Tim Ireland Threatened with Violence

“I’m coming round to your house in the week. Fight or no fight?”

As I blogged a few days ago, a group called “the Cheerleaders” (apparently connected to a music band called “the Fighting Cocks” – see my blog entry here) has been harrassing Tim Ireland by posting his home address in various places on-line, in the specific hope that “everyone [he’s] pissed off” will see it.  They have also made threats of violence – which they have later deleted – such as “machete to your throat”. Now Tim reveals that that their leader, who goes by the stage name of “Ludas Matyi”, has sent an email declaring his intention to come around to Tim’s house for a fight:

Fuck it, I’m coming round to your house in the week. Fight or no fight?
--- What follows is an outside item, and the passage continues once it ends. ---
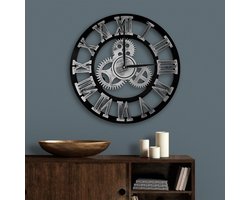 Wandklok - Stille Wandklok Zonder Tikgeluid - Industriële 3D Tandwielen - Woonkamer & Keuken - Zilver Romeinse Cijfers — cadeau in Wonen & Interieur
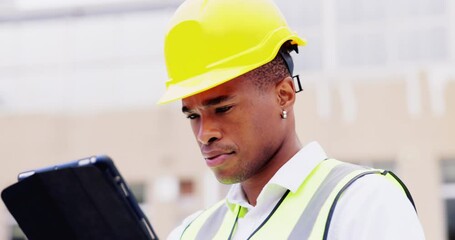 Wall Mural - Inspection, construction or black man with tablet in engineering planning a photovoltaic project. Sustainability, online digital search or male electrician working on renewable energy or electricity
Why are they behaving in this way? It seems the “Cheerleaders” see themselves as vigilantes against Islamic extremists, and they began with pranks aimed against the likes of Asghar Bukhari (of whom I am not a fan). However, because Tim uncovered a bogus posting to a Muslim website designed to create an anti-Muslim scare story, and went on to show that Dominic Wightman (a former associate of Patrick Mercer MP) had lied to Tim and me to try and manipulate us into writing about someone against whom he has a grudge, that apparently means that Tim should be targeted by association. Tim now writes:

Today, I am seriously discussing with my wife not the ifs/buts, but the whens/wheres of moving her and the kids to a safe/unknown location.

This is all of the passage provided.